Ia secara pribadi mengutuk jika benar ada beras plastik yang beredar di pasaran. Terkait beras analog yang di awal ia singgung, ia merupakan beras tiruan dari bahan-bahan alami lainnya seperti sagu, singkong atau ubi. Penelitian sudah dilakukan dan beras analog pun sudah jelas penampakannya. Namun pemasarannya yang masih merintis akan terganggu karena isu beras plastik.
Diterangkannya, beras analog cenderung berwarna lebih gelap namun bentuknya serupa dengan beras biasa. Dengan teknologi tertentu yang berdampak pada kebaikan kesehatan, ia bisa menjadi alternatif pengganti beras asli yang tujuannya untuk mengatur keseimbangan gizi dan mencegah kolesterol. "Hanya saja, rasanya masih tidak seenak beras asli, dan setelah ditanak pun, seperti pera," lanjut Bustanul.

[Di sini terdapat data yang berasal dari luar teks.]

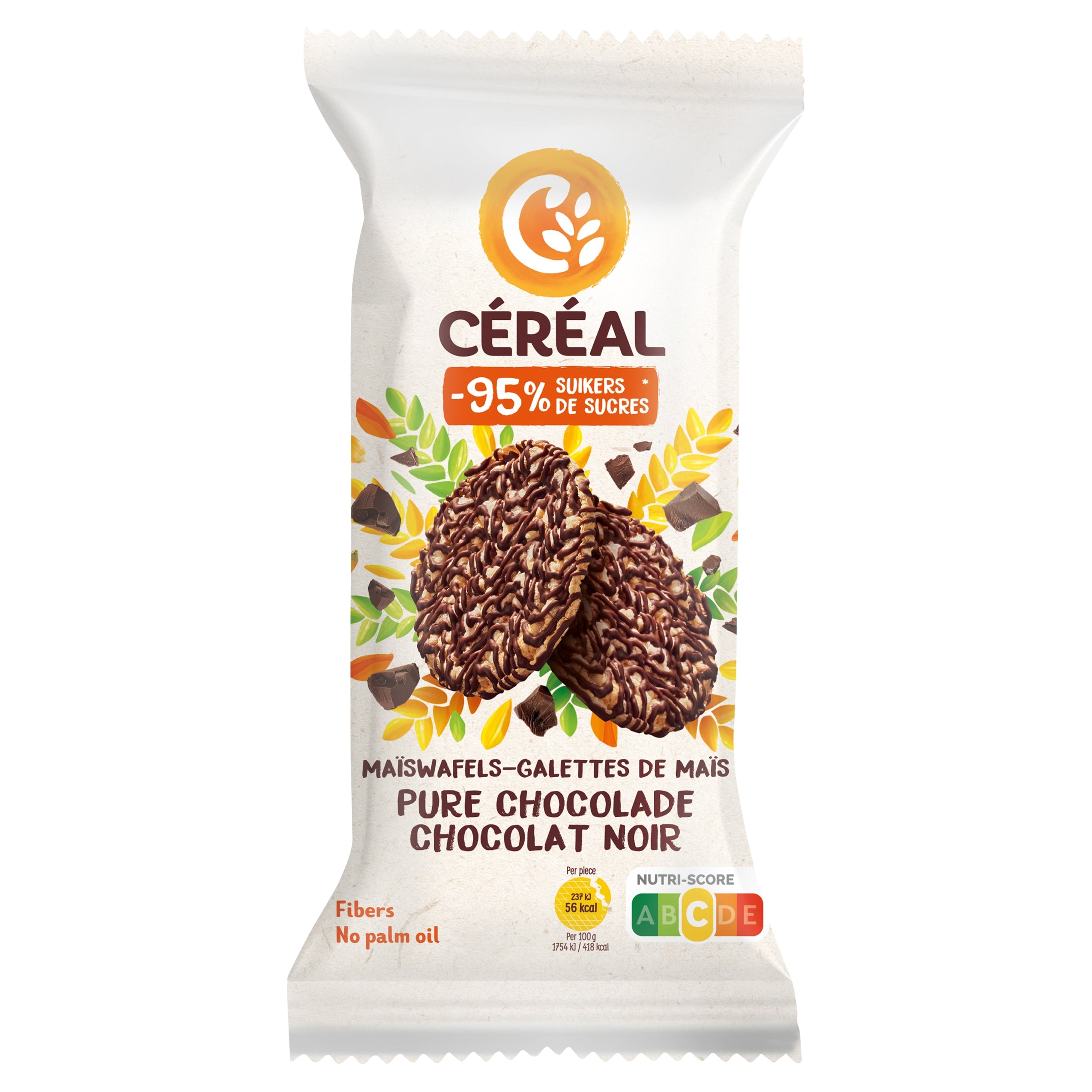 Cereal Maiswafels met pure chocolade minder suikers 108.00 Gram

Diversifikasi pangan, kata dia, urgen dimulai, sebab selain merupakan program pemerintah, ia juga berperan sebagai penyeimbang gizi masyarakat. Bahkan, amanat diversifikasi telah tertuang dalam Perpres 22 tahun 2009 di mana pemerintah berencana mengurangi konsumsi beras hingga 1,5 persen digantikan dengan produk divesifikasi.
Namun, akibat pelaksanaannya belum maksimal, produk beras analog belum populer serta pasokan bahan baku beras analog belum maksimal, maka evaluasi kinerjanya pun belum maksimal. Di mana penurunan konsumsi beras hanya 0,8 persen saja.
Karena itu, ia meminta pemerintah dan lembaga berwenang untuk serius menjaga pangan agar peredarannya tak membahayakan konsumen. Harus pula ada langkah pasti dalam menjelaskan kesimpangsiuran kabar soal beras plastik yang beredar.